Sacrificing your dog to the boa constrictor does not prevent you from being the entrée. If you’ve seen “Snakes on a Plane,” you know it’s better to run away rather than stop and feed the gluttonous snake. There’s a gruesome scene where a character is running away from a boa constrictor. To save his own hide, he grabs a foo-foo dog from a woman passenger and tosses it to the snake.  This act of cowardly self-preservation turns on the man, though: in taking the time to give the snake another snack (which the snake gladly accepts), the man slows down just enough to be eaten by the snake himself. Aesop it isn’t, but the lesson is a good one for tax fights today.

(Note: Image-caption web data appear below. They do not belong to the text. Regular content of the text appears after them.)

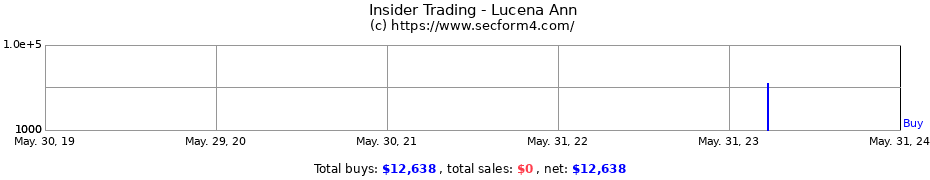 Insider Trading Transactions for Lucena Ann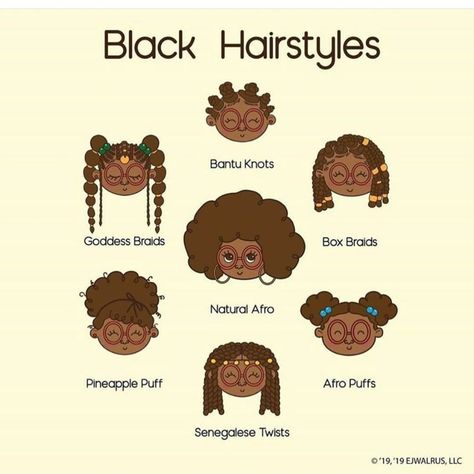 Nigerian Braids, Hair Puff, Different Hair Types, Different Hair, Hairdos For Curly Hair, Coily Hair, Black Hairstyles, 4c Hairstyles, Hair Reference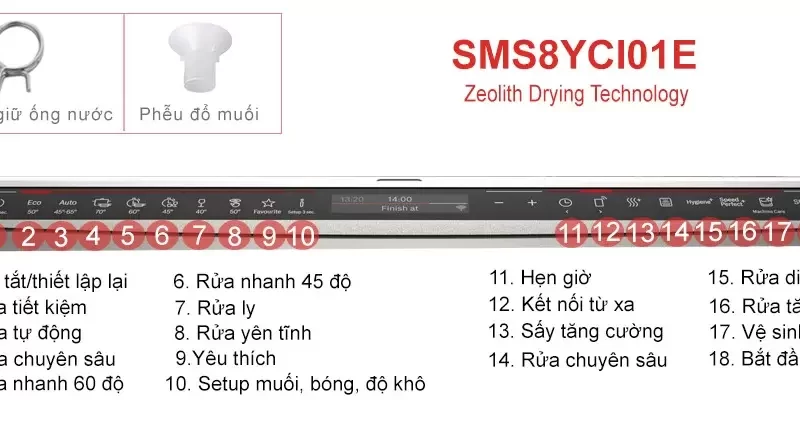 Máy rửa chén Bosch SMS8YCI01E Serie 8 Sấy ZEOLITH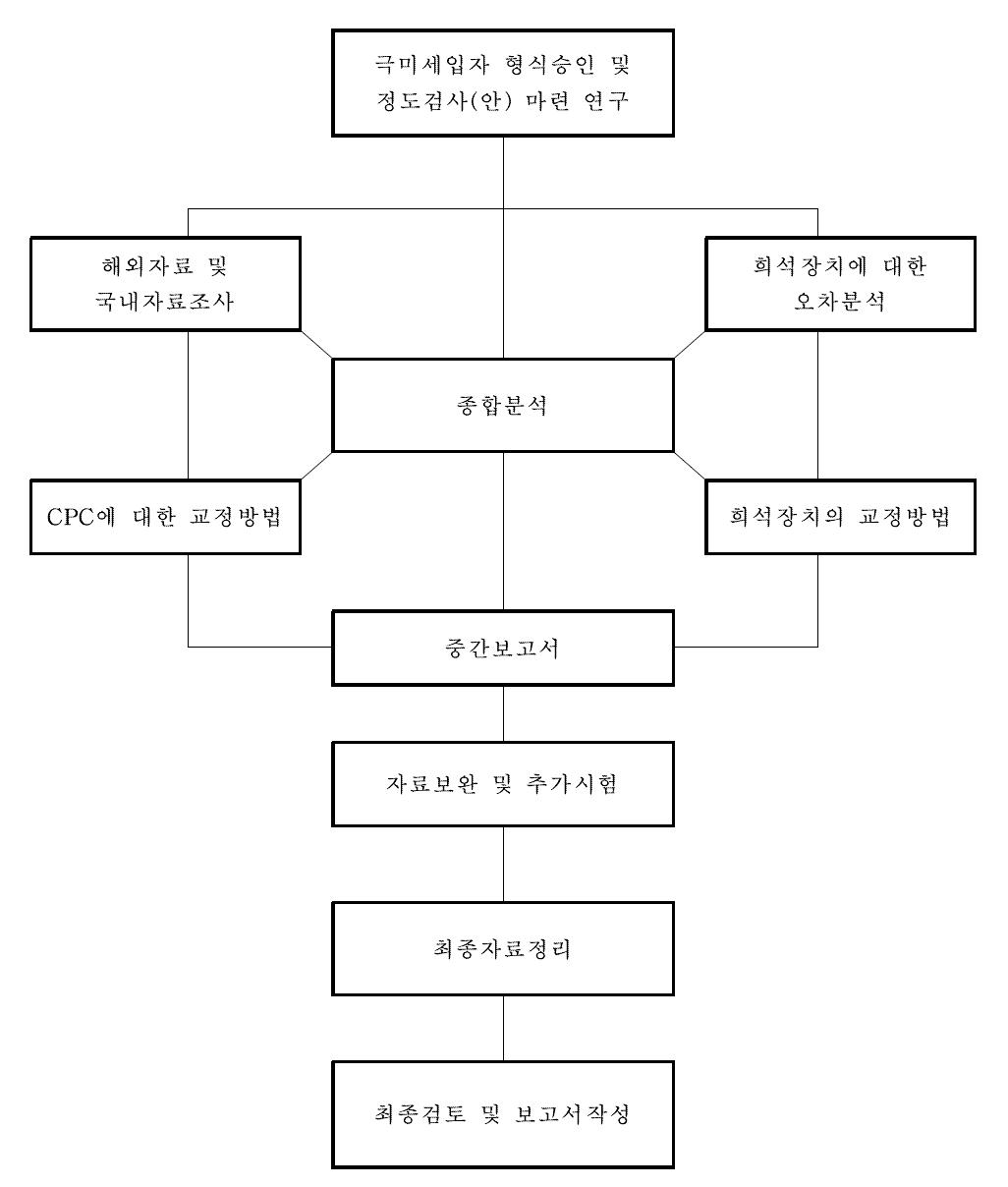 연구추진체계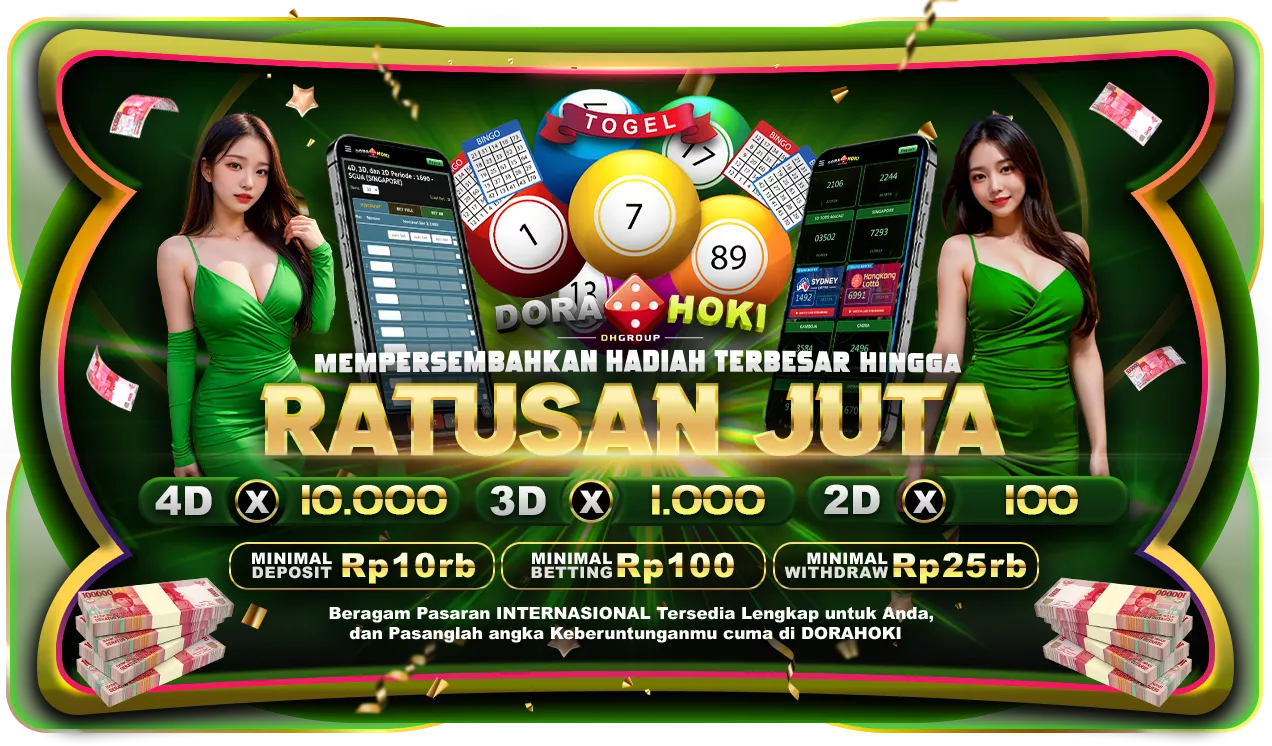 Baner Togel Dorahoki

Similarly, American taxpayers need to run away from the proposed value added tax (VAT) rather than appease Obama’s “glut-the-beast” tax policy to pay for health care. Forbes columnist Bruce Bartlett mistakenly argues that throwing a VAT at the Obama administration will prevent an increase in other taxes. Bartlett presumes erroneously that creating a VAT is a substitute for other forms of higher taxation.


A quick examination of EU history confirms that a VAT only bait-and-hooks more government taxation. Bartlett conveniently neglects to mention that in Europe a VAT accompanies increased taxation on personal or corporate income.


Increasing variety in the beast’s appetite only… increases the appetite.